[Opening The input section]

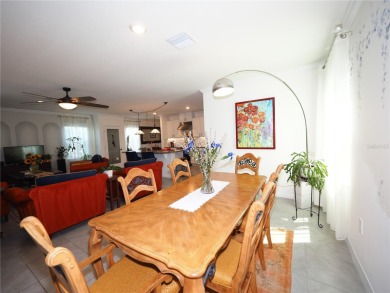 This spacious two story home all-concrete block construction has on Esplanade Golf and Country at Lakewood Ranch in Florida - for sale on GolfHomes.com, golf home, golf lot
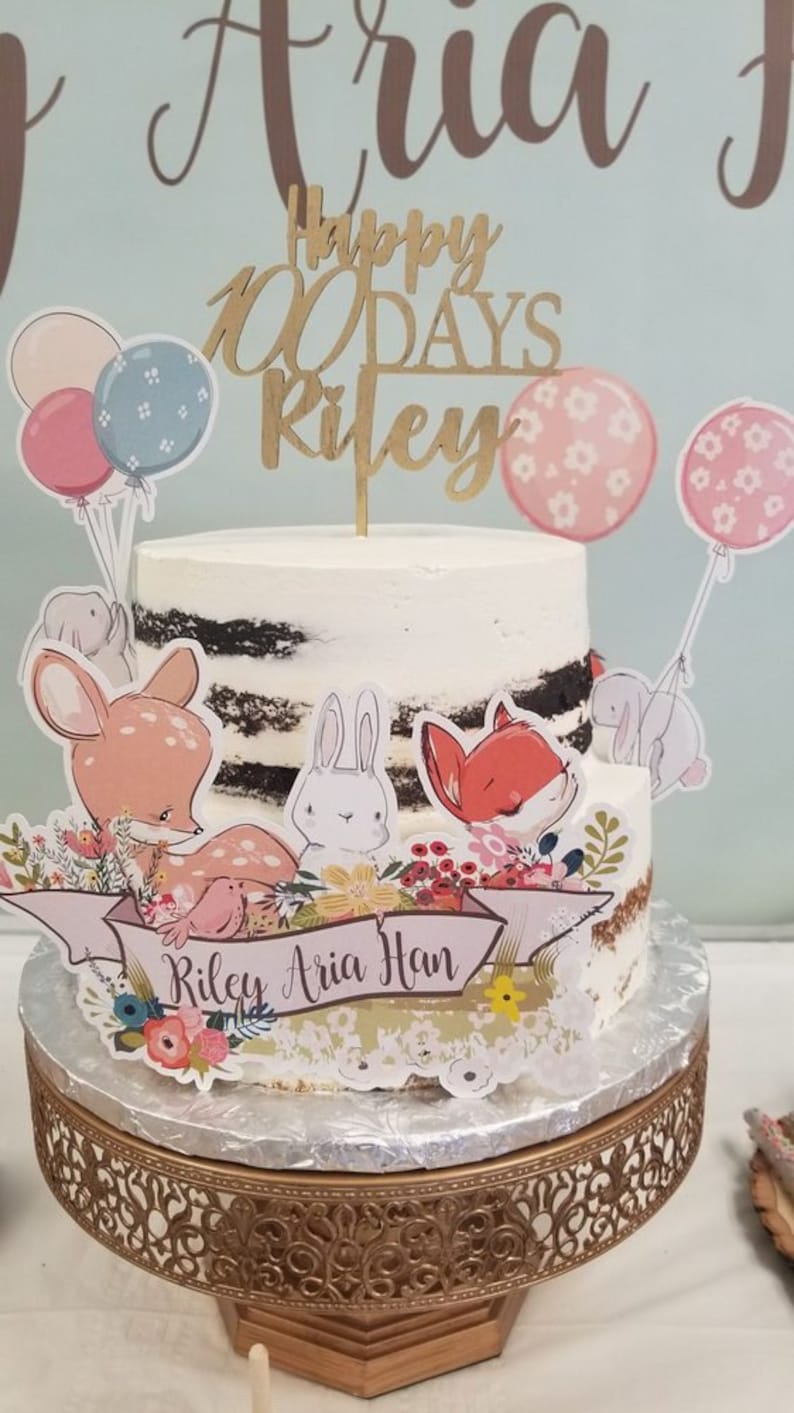 May include: A two-tiered cake with white frosting and a wooden topper that reads "Happy 100 Days Riley." The cake is decorated with animal cutouts, balloons, and a banner with the names "Riley Aria Han." The cake sits on a decorative gold stand.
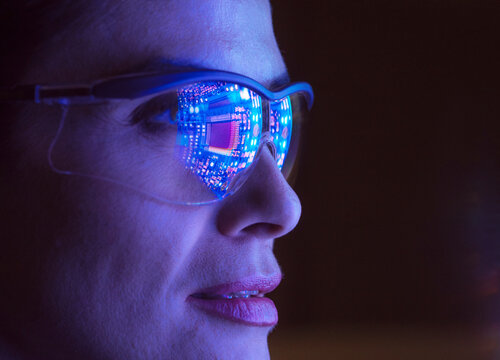 Woman engineer designs artificial intelligence technology indoors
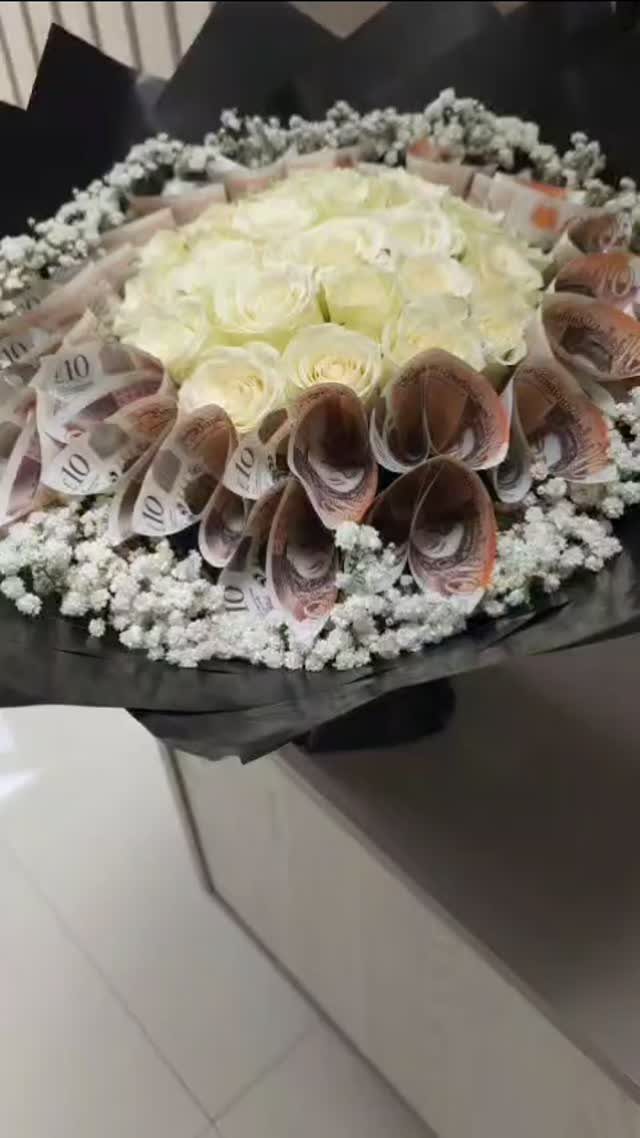 Bouquet of white roses and rolled banknotes accented with white baby's breath flowers.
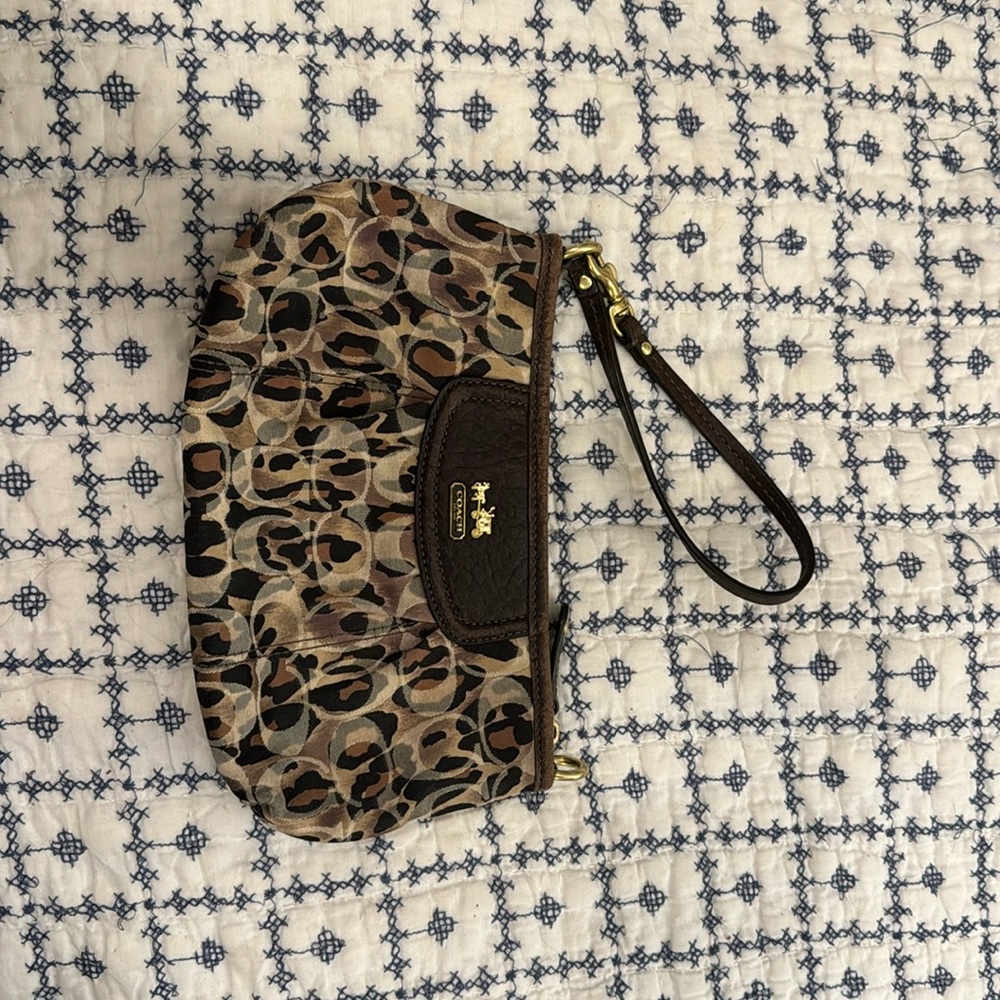 Coach wristlet - fair condition. Cheetah print with leather trim.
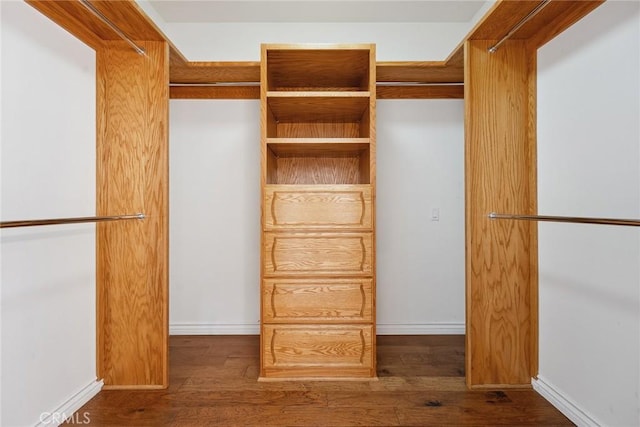 22501 Marilla St, Chatsworth, CA 91311 - spacious closet featuring wood finished floors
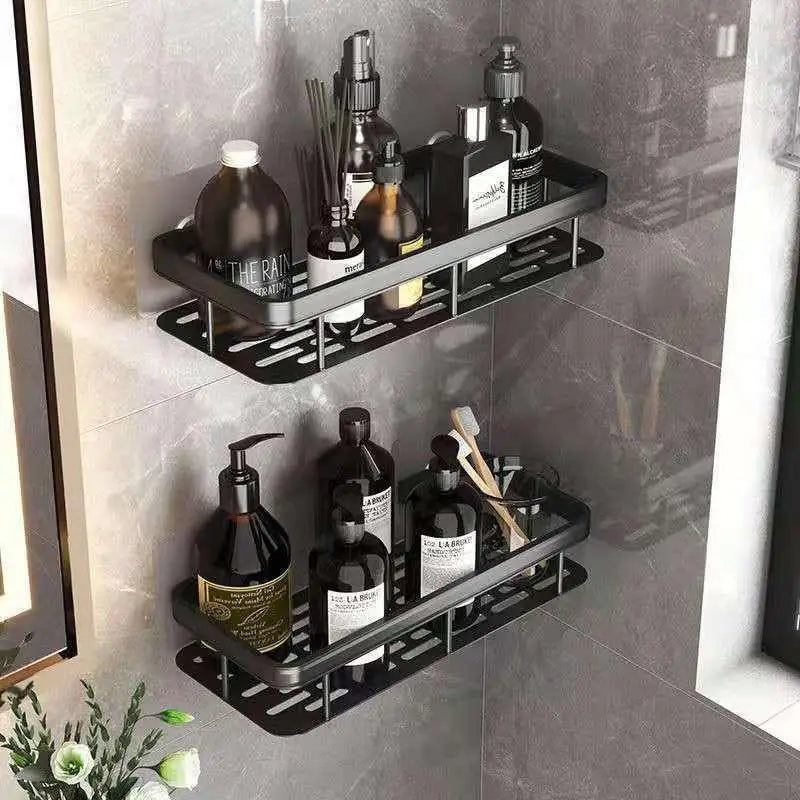 Black bathroom shelf holding skincare bottles and accessories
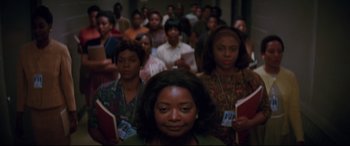 Movie still from “Hidden Figures” (2016), directed by Theodore Melfi – A group of people standing in a room with papers; Medium shot, High angle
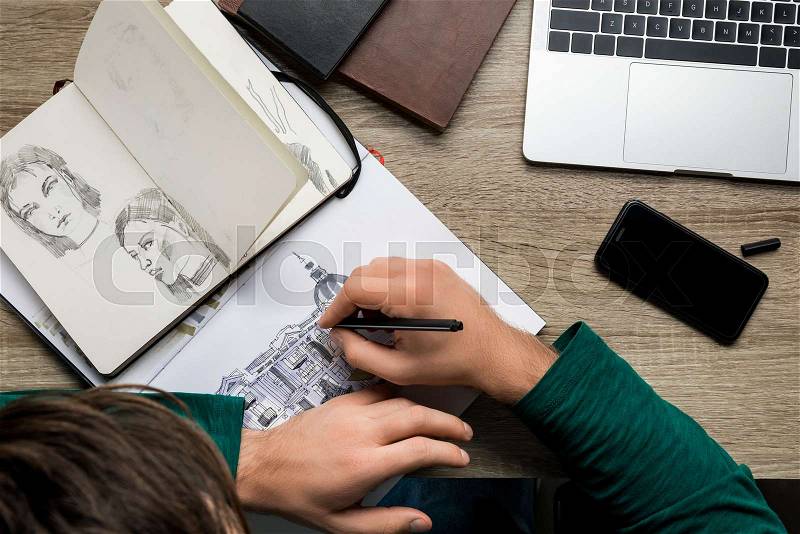 Overhead back view of man drawing in album on wooden table next to laptop and smartphone, stock photo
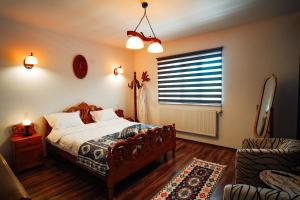 a bedroom with a bed and a window and a couch at Casa cu Elefanți in Corbşori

[Closing The input section]

> **Problem details**: Every line from the one that contains "Movie still from" through the end of the records above is to be reproduced exactly; no picture goes in the copy.

> **Response to the task**:
 Movie still from “Hidden Figures” (2016), directed by Theodore Melfi – A group of people standing in a room with papers; Medium shot, High angle
 Overhead back view of man drawing in album on wooden table next to laptop and smartphone, stock photo
 a bedroom with a bed and a window and a couch at Casa cu Elefanți in Corbşori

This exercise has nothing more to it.